-------- Dataset extract
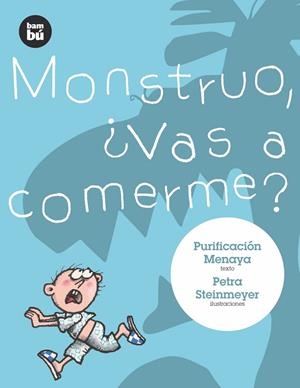 MONSTRUO ¿VAS A COMERME? | 9788483430279 | PURIFICACION MENAYA | Galatea Llibres | Llibreria online de Reus, Tarragona | Comprar llibres en català i castellà online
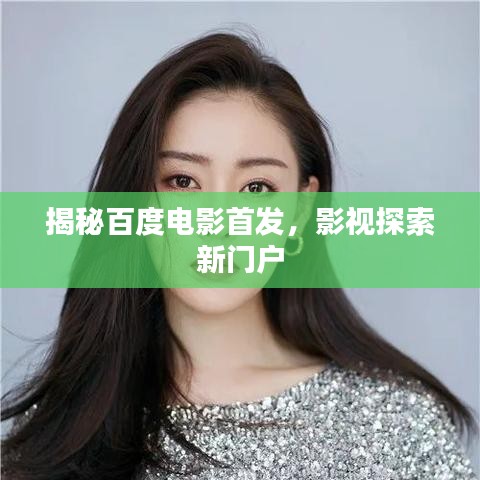 揭秘百度电影首发，影视探索新门户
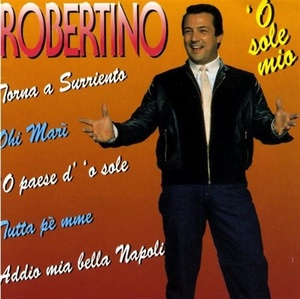 Robertino: O Sole Mio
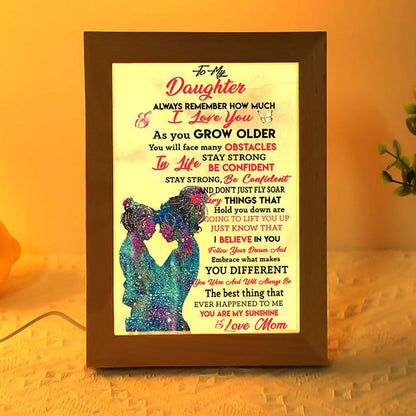 Mom To Daughter - You Are My Sunshine Vertical Frame Lamp, Mother's Day Night Light, Best Mom Ever, Gift For Mom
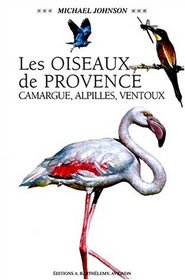 Les Oiseaux de Provence: Camargue, Alpilles, Ventoux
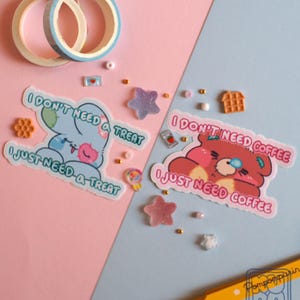Kopi e Chao - Stickers - "I just need a treat", "I just need coffee" // adesivi per coppie, regalo per amici, sticker meme, adesivi carini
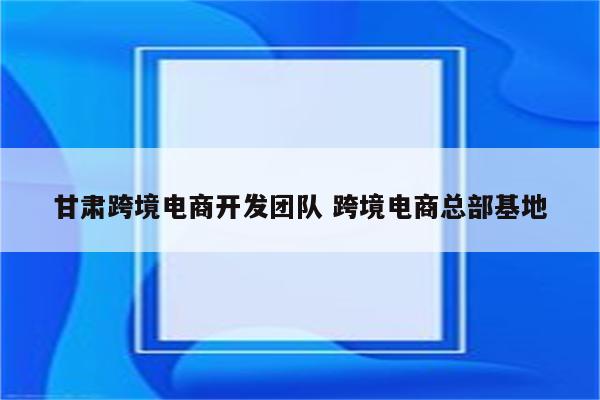 甘肃跨境电商开发团队 跨境电商总部基地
----------------
• [Task item]: Going from the line holding "Robertino: O Sole Mio" to the last line of the data above, reproduce every line exactly, both included, with the pictures omitted.

• [Exercise solution]:
 Robertino: O Sole Mio
 Mom To Daughter - You Are My Sunshine Vertical Frame Lamp, Mother's Day Night Light, Best Mom Ever, Gift For Mom
 Les Oiseaux de Provence: Camargue, Alpilles, Ventoux
Kopi e Chao - Stickers - "I just need a treat", "I just need coffee" // adesivi per coppie, regalo per amici, sticker meme, adesivi carini
 甘肃跨境电商开发团队 跨境电商总部基地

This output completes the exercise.